Ravizza Shares Experiences From Uganda September 11
SALISBURY, MD---Iraq. Afghanistan. Uganda. All are centers of conflict, but only two frequently make the nightly news.
Former United Nations Undersecretary of Humanitarian Affairs Jan Egeland has called the war in Uganda the “biggest forgotten, neglected humanitarian emergency in the world today.” Dr. Dean Ravizza can’t forget, however. He has seen too much.
A UN volunteer in Africa, the Salisbury University health, physical education and human performance faculty member shares his experiences with the lecture “At Play in the Fields of Young Soldiers: A Case of Northern Uganda” 7 p.m. Tuesday, September 11, in Holloway Hall Auditorium.
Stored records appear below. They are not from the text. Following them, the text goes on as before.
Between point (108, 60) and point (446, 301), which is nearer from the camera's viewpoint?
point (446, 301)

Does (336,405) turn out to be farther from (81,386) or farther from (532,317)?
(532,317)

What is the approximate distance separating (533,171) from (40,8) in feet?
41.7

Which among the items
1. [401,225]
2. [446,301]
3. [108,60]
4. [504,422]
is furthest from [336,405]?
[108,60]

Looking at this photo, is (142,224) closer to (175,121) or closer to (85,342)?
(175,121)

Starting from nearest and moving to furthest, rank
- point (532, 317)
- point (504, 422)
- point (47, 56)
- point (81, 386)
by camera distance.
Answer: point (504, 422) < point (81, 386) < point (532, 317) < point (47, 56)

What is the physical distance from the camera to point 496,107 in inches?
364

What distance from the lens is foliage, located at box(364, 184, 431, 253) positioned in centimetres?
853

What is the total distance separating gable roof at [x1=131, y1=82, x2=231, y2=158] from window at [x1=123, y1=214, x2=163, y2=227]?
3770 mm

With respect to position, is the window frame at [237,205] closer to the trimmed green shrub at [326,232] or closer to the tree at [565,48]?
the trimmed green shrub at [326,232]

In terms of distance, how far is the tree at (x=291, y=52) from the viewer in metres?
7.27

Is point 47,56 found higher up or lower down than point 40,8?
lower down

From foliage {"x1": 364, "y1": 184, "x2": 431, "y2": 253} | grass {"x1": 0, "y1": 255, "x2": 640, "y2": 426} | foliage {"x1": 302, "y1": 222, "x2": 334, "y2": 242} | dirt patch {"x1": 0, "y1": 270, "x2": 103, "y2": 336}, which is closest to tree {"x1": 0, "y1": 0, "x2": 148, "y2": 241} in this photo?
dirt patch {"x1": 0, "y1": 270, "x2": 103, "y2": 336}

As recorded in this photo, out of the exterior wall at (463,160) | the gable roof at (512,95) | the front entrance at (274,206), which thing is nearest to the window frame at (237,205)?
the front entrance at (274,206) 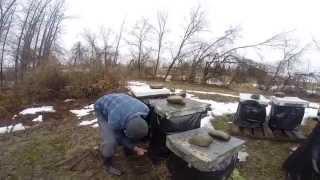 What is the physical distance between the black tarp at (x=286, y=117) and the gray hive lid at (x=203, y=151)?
2.35 meters

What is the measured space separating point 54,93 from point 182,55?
1017 centimetres

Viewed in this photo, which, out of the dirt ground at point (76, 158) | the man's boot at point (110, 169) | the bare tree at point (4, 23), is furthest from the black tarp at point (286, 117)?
the bare tree at point (4, 23)

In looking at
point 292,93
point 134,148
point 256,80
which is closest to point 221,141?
point 134,148

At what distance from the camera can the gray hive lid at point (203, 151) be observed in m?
2.29

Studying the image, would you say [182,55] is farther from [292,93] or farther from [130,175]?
[130,175]

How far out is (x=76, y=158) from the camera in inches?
145

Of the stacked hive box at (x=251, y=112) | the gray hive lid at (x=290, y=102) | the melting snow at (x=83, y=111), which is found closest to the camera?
the gray hive lid at (x=290, y=102)

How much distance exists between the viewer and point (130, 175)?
3314mm

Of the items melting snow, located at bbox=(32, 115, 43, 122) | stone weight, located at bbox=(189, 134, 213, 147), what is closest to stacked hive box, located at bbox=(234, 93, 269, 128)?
stone weight, located at bbox=(189, 134, 213, 147)

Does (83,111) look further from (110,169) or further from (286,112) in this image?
(286,112)

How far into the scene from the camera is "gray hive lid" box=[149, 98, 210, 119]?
3004mm

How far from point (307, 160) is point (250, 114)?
5.22 feet

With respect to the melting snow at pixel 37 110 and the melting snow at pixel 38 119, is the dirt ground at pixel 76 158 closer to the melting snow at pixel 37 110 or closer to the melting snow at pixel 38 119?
the melting snow at pixel 38 119

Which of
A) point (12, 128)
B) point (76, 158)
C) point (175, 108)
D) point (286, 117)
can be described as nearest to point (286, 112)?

Ravizza, who has worked in Northern Uganda since 2005 as part of the UN Sport for Development and Peace Program, speaks about the children affected by the conflict between the Lord’s Resistance Army (LRA) and the Ugandan government. During this conflict, which has now entered its third decade, the LRA has abducted tens of thousands of children, inducting them into the rebel army and turning them against their families and communities.
Ravizza works with former child soldiers at a child reception center operated by the Gulu Support the Children Organization (GUSCO). He also works with staff to develop programs using sports as a way to reintegrate formerly abducted Ugandan children back into their communities. He also helped develop Project HEALS, a community-based organization that uses expressive activities like sports, music and dance to foster psychosocial development of war-affected children and youth.